Cette dynamique s’inscrit dans la logique de « Global Britain », dévoilée par Boris Johnson le 2 février 2020. Ce programme ambitieux visait à repositionner le Royaume-Uni sur la scène internationale au-delà de l’Europe, en mettant l’accent sur la sécurité, le développement et les partenariats économiques. Selon un rapport de l’IMIS consacré à l’Afrique, «le Maroc, grâce à sa stabilité macroéconomique et institutionnelle et à son ouverture commerciale, constitue une interface privilégiée entre le Royaume-Uni et le continent africain».
Bloomberg souligne également le rôle stratégique du Maroc comme «connecteur de la mondialisation». Sa position géographique, ses infrastructures portuaires et aéroportuaires ainsi que son non-alignement dans les rivalités géostratégiques lui permettent de devenir un hub pour les investissements, les importations et les exportations en Afrique. «Le Maroc est désormais un point d’entrée crucial pour la coopération économique Nord-Sud», note Hicham Kasraoui, expert à l’IMIS, cité par Challenge.
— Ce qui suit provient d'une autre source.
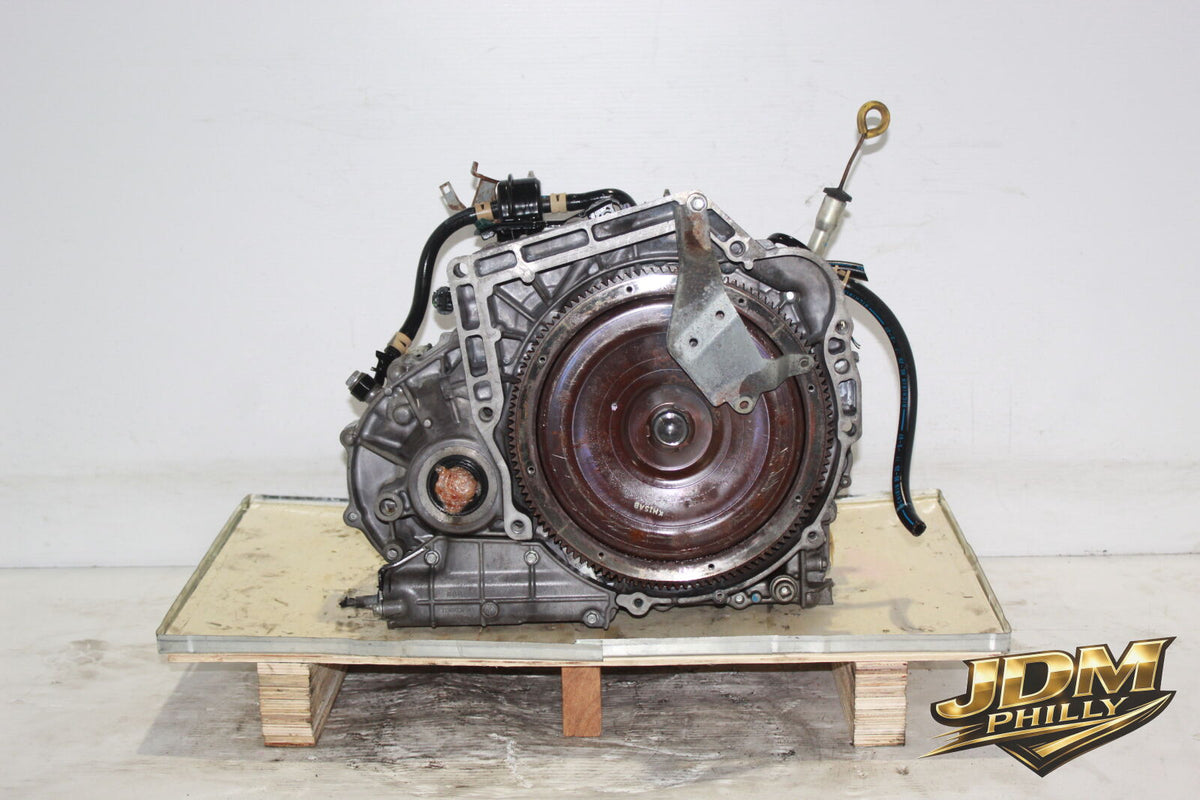 2003-2004-2005-2006-2007 Honda Accord 4Cyl 2.4L Automatic Transmission
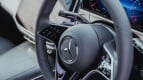 Mercedes-Benz E-Class Interior photo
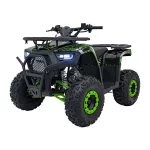 Pojazd Quad Spalinowy 120CC DISCOVERER Zielony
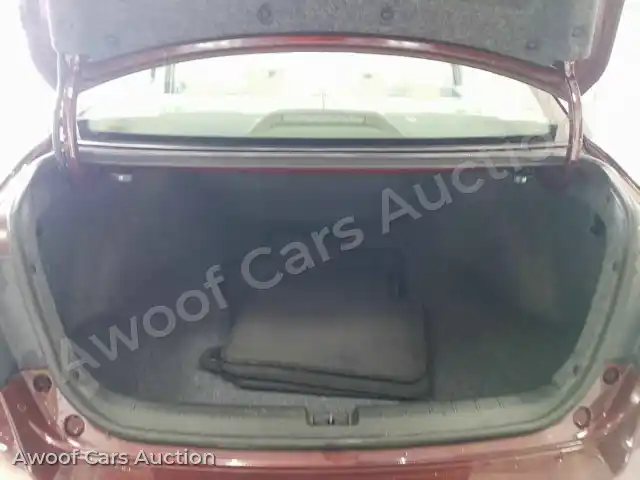 2017 Honda Accord 1HGCR2F71HA228843 — Manheim auction photo 13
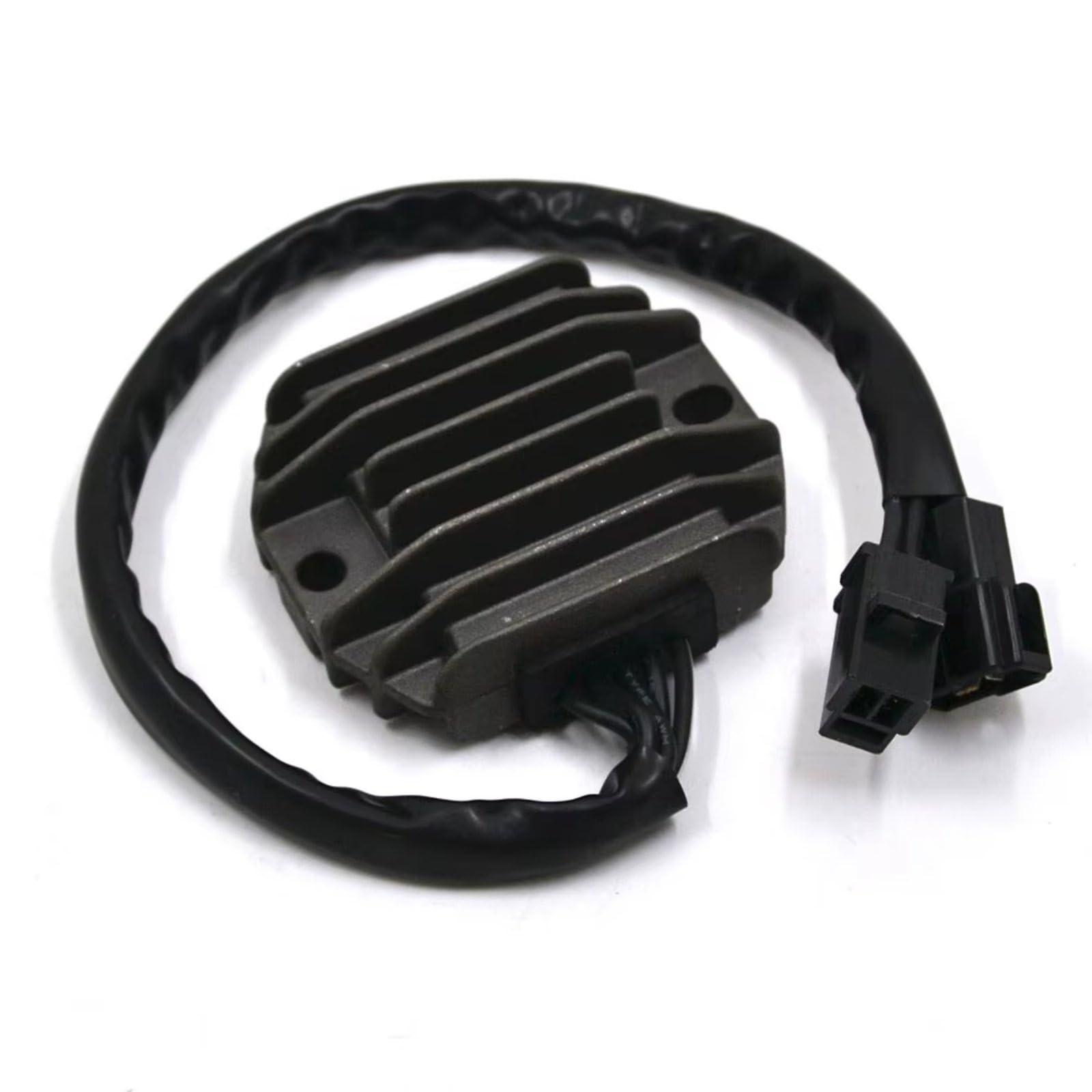 Gleichrichter Regler Für Suzuki Für GS500 2004-2011 Für GS500K 2001-2009 Für GS 500 500K Regler Gleichrichter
Le développement du secteur tertiaire marocain constitue un levier central pour renforcer cette coopération. Casablanca Finance City (CFC) accueille ainsi de nombreuses institutions britanniques, avec près de 48% de ses 202 entreprises membres spécialisées dans les services aux entreprises, dont finance, conseil, audit et juridique. Parmi elles figurent Boston Consulting Group, Deloitte, ainsi que DLA Piper et Clifford Chance, deux des principaux cabinets d’avocats britanniques.
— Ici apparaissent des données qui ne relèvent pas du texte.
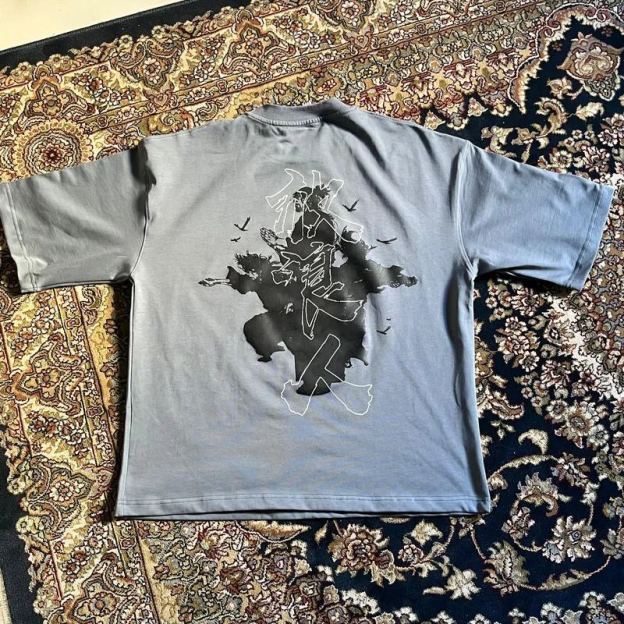 VAGABOND TEE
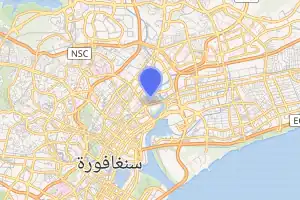 خريطة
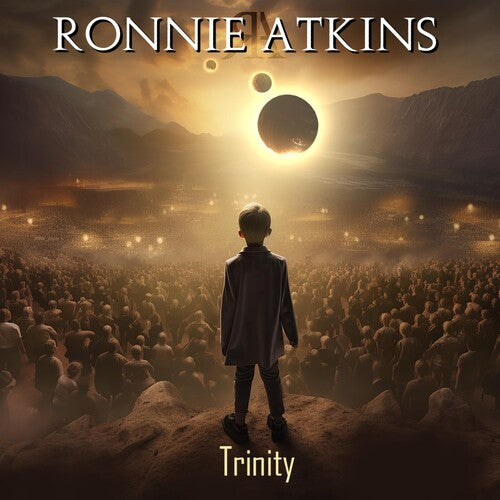 Ronnie Atkins - Trinity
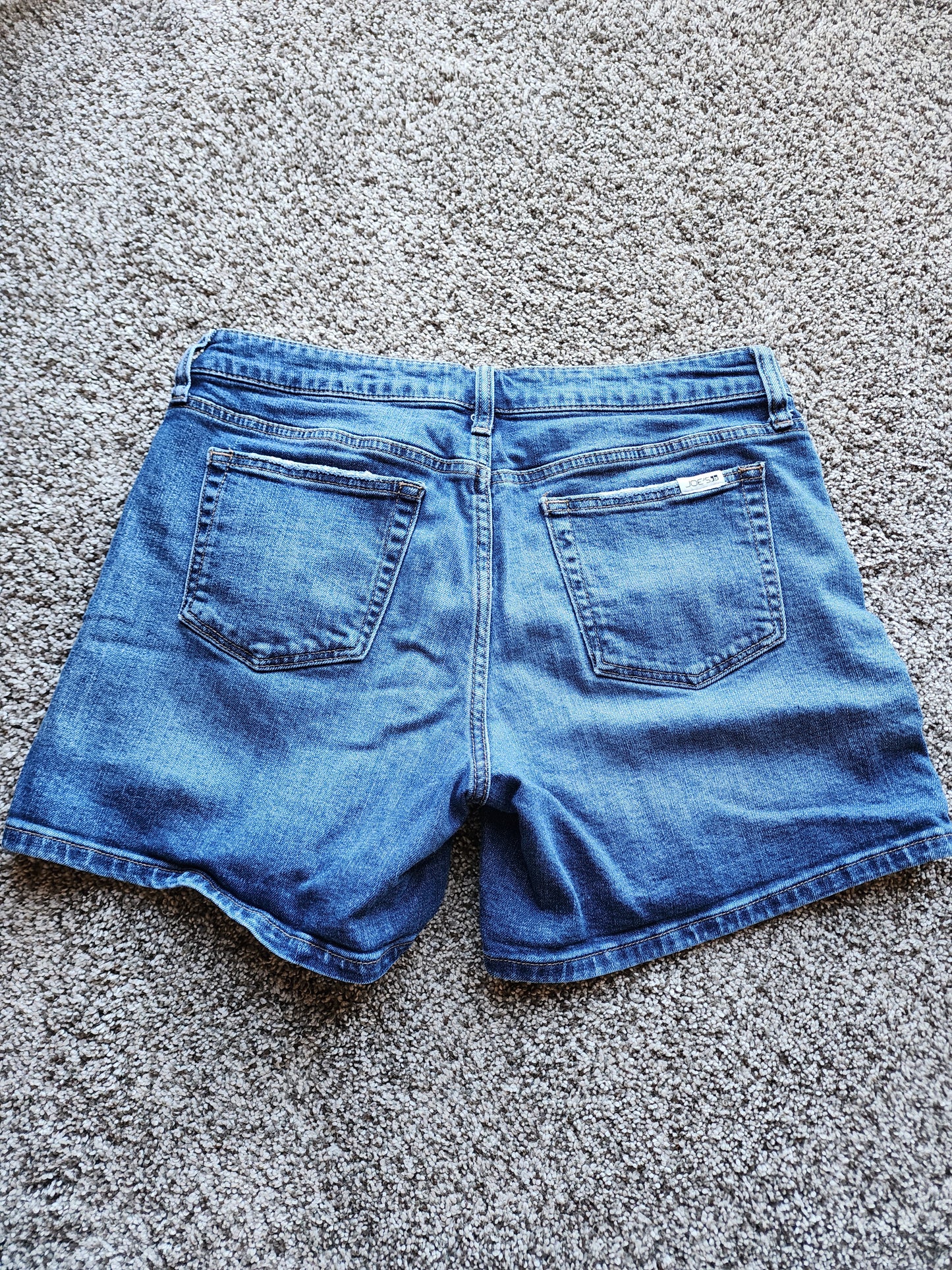 Joes shorts women's size 29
Parallèlement, le Maroc se positionne comme un acteur majeur dans les énergies renouvelables, grâce à son potentiel solaire et éolien et à des projets structurants comme l’hydrogène vert. Le Royaume-Uni, déterminé à accélérer sa transition énergétique, pourrait bénéficier de cette énergie à faible coût, tout en consolidant sa sécurité énergétique et en atteignant ses objectifs de décarbonation.
D’autres secteurs, comme l’industrie automobile — notamment la mobilité électrique et la production de batteries, ou encore la santé, l’éducation et la recherche appliquée, offrent également un terrain fertile pour des partenariats bilatéraux. L’exploitation des réserves de phosphate marocaines renforce l’intérêt britannique dans le développement d’une industrie durable et innovante.
Rabat et Londres multiplient les initiatives diplomatiques et commerciales pour institutionnaliser leur coopération. Les axes prioritaires incluent les énergies renouvelables, la finance verte et l’éducation. Le franchissement du cap des 6 milliards de dollars au premier trimestre 2025 pourrait n’être qu’une étape vers une relation économique plus équilibrée, tournée vers l’avenir et résolument stratégique.